Nangi had been unavailable, but his secretary, Umi, recognizing Justine’s voice even before she introduced herself, had promised to give her boss the message that Justine was waiting for him in her room at the Hilton. Putting down the receiver, she had no idea what she would say to him when he arrived—really she had no idea why she had phoned him, except that some core of self-preservation deep inside her recognized that she had become a mote in a black void, spinning out of control, that she desperately needed a reference point from which to return to the process of logical decision-making.

A soft knock on the door dispersed her inertia just enough for her to rise, move across the room on leaden feet, and open the door. She had been ready to greet Nangi, but her heart froze in her chest.

Standing in the hall outside her door was a handsome American with long dark hair, light eyes, and a smiling mouth. He was less tanned than she remembered him in Maui, but somehow more fit, admirably filling out his dark blue suit.

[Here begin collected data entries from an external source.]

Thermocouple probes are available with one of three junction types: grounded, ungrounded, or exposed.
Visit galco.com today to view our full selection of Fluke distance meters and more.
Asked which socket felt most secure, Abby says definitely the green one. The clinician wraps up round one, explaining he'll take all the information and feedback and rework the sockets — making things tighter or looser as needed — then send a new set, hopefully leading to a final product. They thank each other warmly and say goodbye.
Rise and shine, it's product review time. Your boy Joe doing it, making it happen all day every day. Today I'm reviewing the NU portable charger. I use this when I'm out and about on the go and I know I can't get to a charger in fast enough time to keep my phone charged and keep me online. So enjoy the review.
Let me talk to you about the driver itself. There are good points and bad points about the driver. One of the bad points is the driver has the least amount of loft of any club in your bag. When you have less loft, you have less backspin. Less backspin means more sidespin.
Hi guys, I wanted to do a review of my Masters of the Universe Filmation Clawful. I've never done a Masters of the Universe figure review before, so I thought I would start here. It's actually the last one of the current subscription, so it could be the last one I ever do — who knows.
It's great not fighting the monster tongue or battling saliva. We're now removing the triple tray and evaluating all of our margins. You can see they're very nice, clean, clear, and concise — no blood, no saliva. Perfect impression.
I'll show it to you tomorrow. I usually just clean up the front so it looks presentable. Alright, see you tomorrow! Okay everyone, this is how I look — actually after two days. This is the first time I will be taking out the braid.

He gave her a quick grin as he strode across the threshold to her room, then took her in his arms and gave her a long kiss.

“God, it’s great to see you again,” Rick Millar said, his arms still encircling her.

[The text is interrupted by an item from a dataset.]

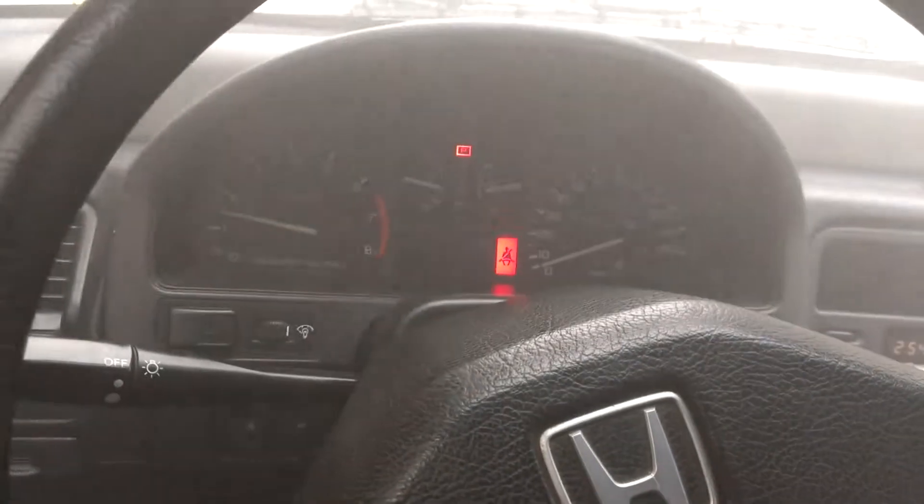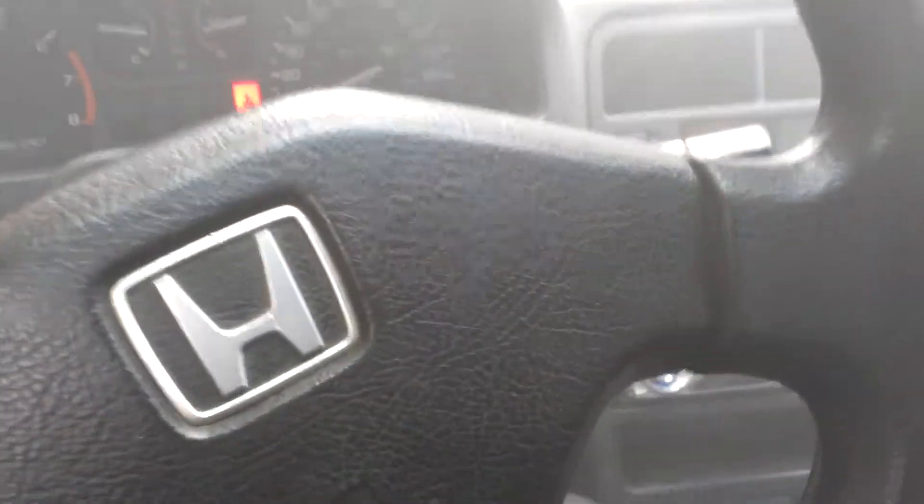Oh man, I've got to get out of this car — turn the air on or something.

Justine, the taste of him still in her mouth, remembered how he had followed her all the way from New York to Maui after he had promoted her to vice president of his advertising firm, Millar, Soames & Roberts. She had walked out on him when she had discovered that he had fired her friend in order to make room for her. In Maui, she had almost had an affair with him. Almost. Now, seeing him while in this terribly vulnerable state, her throat locked up and her heart ached. She was so close to weeping she could feel the tears burning beneath her eyelids, and she thought,
Oh, Christ! It won’t take much more to rip me into pieces.

“Rick, what are you doing here?” When she found her voice, it was high and breathless.

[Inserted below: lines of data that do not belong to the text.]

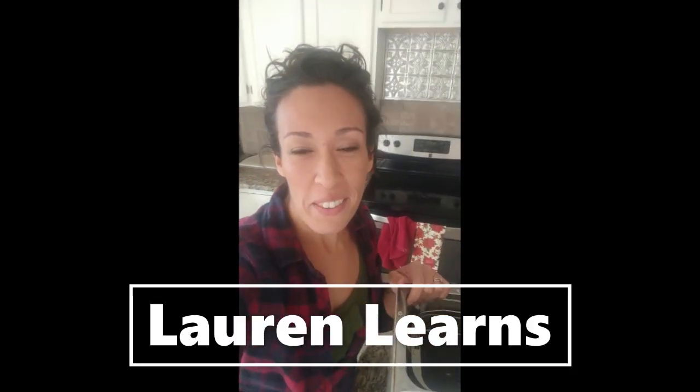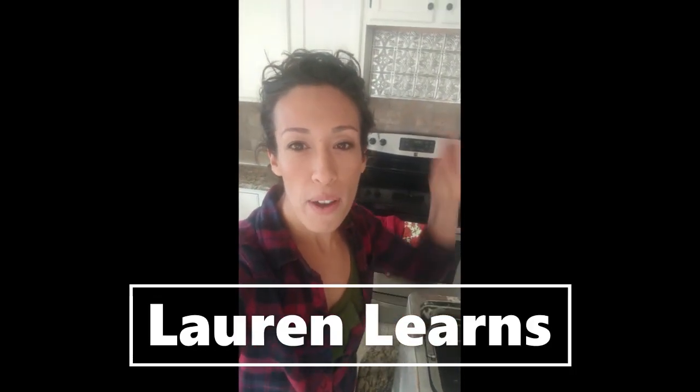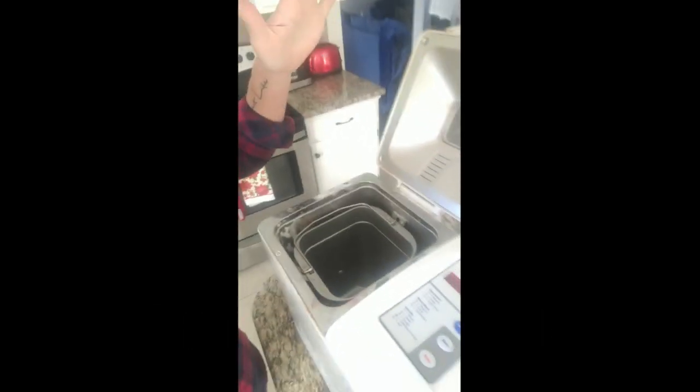Hey learners, welcome back to Lauren Learns. Today I want to show you my favorite appliance in the whole world — my bread machine, right there. I got it for $2 at a Salvation Army, and it's done the best work.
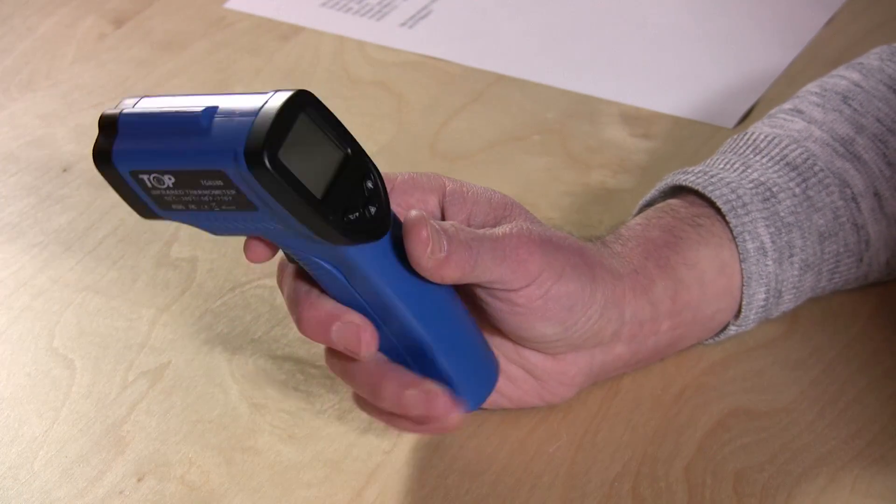What these things are useful for — for me at least — would be testing like the walls to make sure you don't have electric sockets that are heating up too much and that sort of thing. It's a good way to get a real quick surface temperature of something. You can't really use it to test your own temperature — it's not designed for that. It's more of an industrial kind of use, but it's a pretty neat little product and I think I'll use it around the house quite a bit.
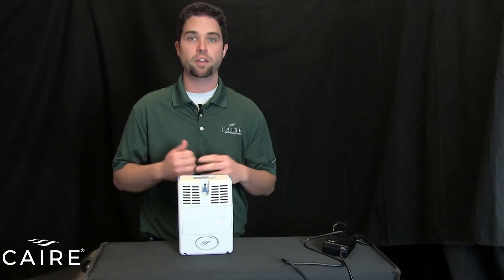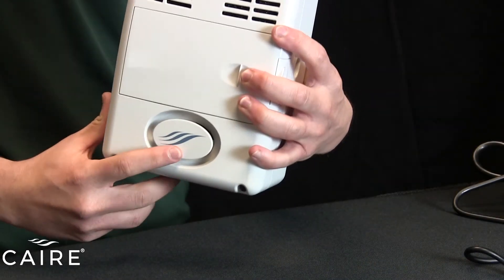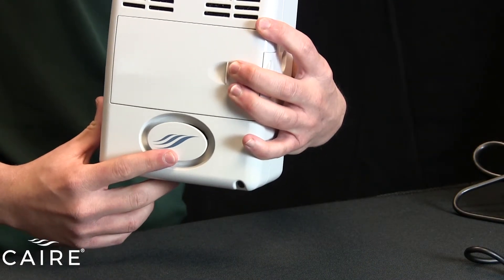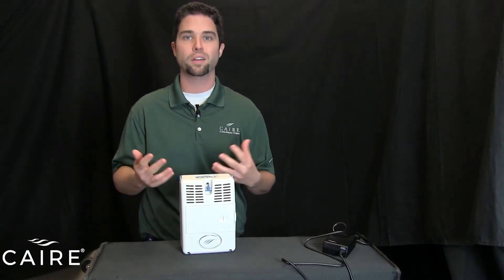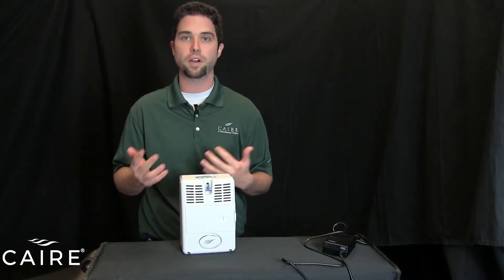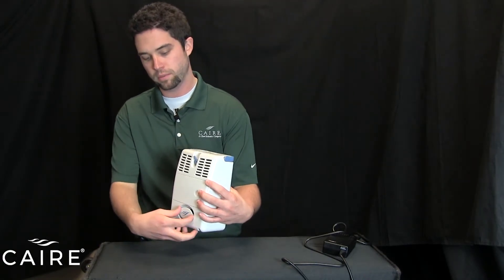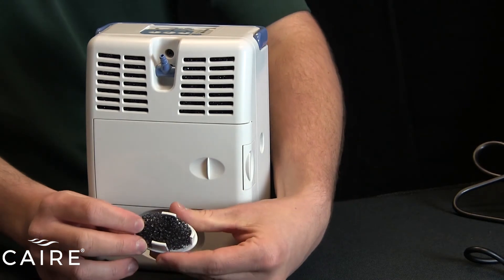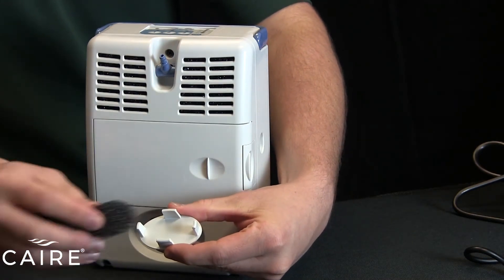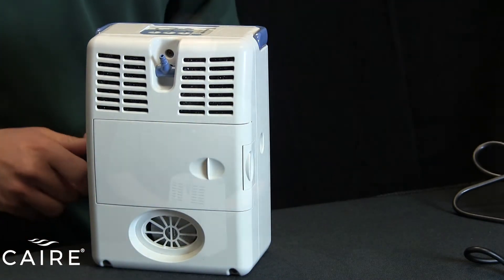Your routine maintenance on the Freestyle is minimal. The air enters the device through the bottom of the unit through a filter in this door. This filter you're going to have to clean once a week — that's our recommendation. What you do is remove it from the device, run it under some warm water with some soap to clean it, then let it dry and put it back inside the unit. Very simple, very easy maintenance. To remove it, the filter door pulls out. You can see the filter inside. Remove the filter, wash it, place it back in after it's dry, and then reinstall it inside the device.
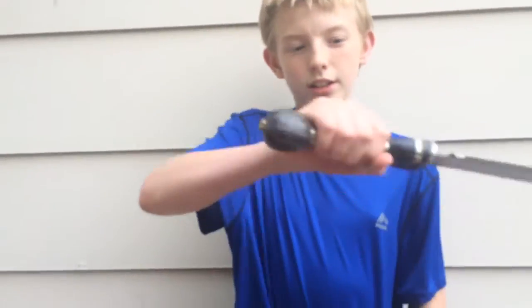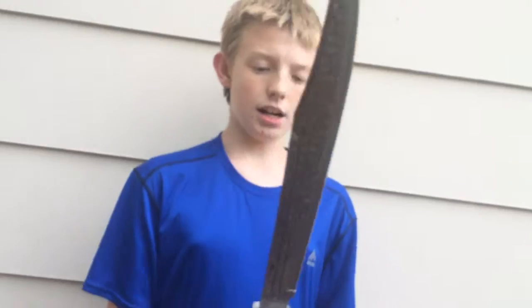Hello everybody and welcome back to one of my videos. Today we will be learning about the English hunting sword. We did this on Fire Friday — that's a segment where we test out the weapons we use — and today I'm going to show it to you, which I think would be good for you guys.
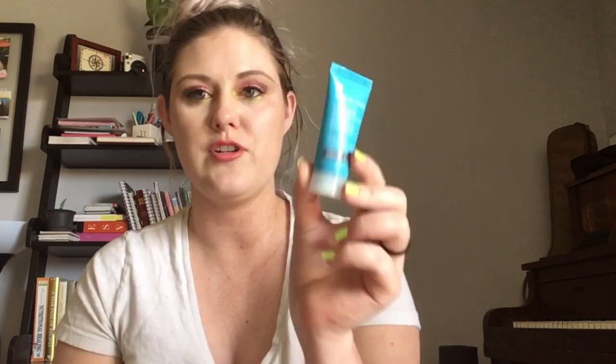For my TARDIS product I have chosen this — it is blue. It is the Paula's Choice Clear Daily Skin Clearing Treatment, a blemish treatment. I love this treatment but it is getting old and I need to finish it up before it loses all of its good efficacy and ingredients.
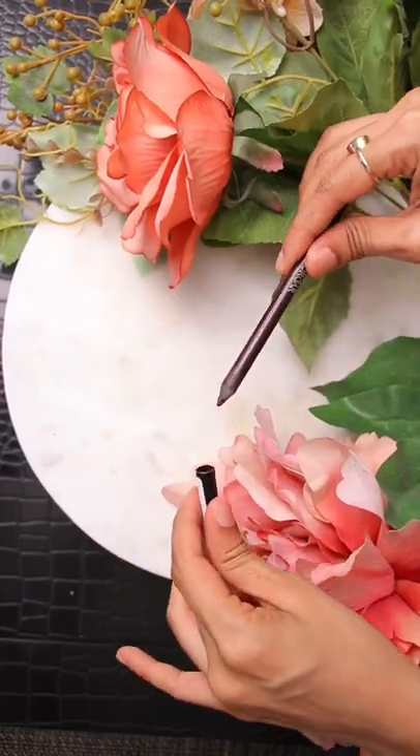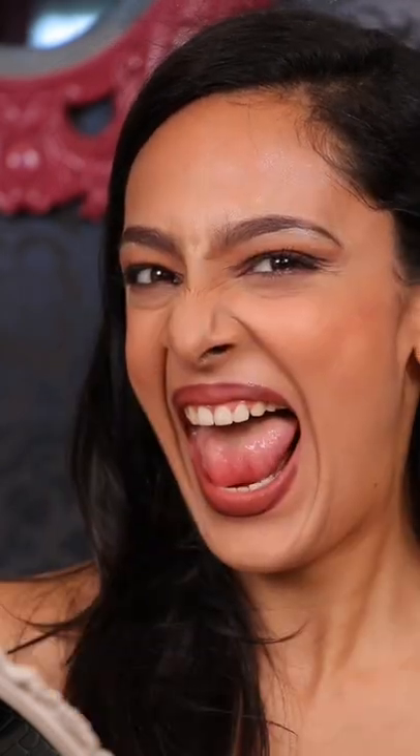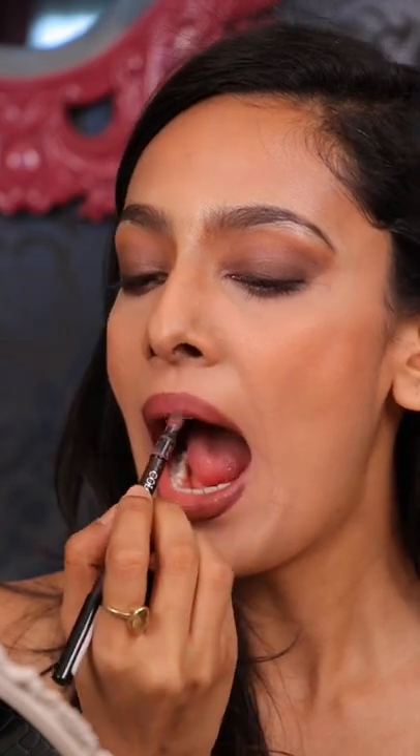The next step is key. Take this Marsala eye pencil and overline your lips like you have overlined your life with one stupid boy after another this year. Instead of a brush, take the back of this liner to blend the color seamlessly. The effect that this will create cannot be achieved by any other brush.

“I was with Mr. Nangi when his secretary phoned about your call. He was going to come here, but I persuaded him that seeing a friendly face from home would be the best tonic for you.” His face creased in genuine concern. “He’d been telling me a bit about your problems adjusting to the lifestyle here. He’s very worried about you but at a loss as to how to help.”

Justine shook her head, still confused. “But how is it you’re
here,
in Japan?”

He would not let her go, looking deep into her pain-racked eyes, and she felt herself trembling beneath his touch. “I could lie to you, Justine, and tell you that I’m out here making Far East contacts or that I’m on vacation, but I’m not. The truth is I came here to find you and somehow—I admit I don’t yet know how—to convince you to come back to New York and rejoin the firm on a permanent basis.”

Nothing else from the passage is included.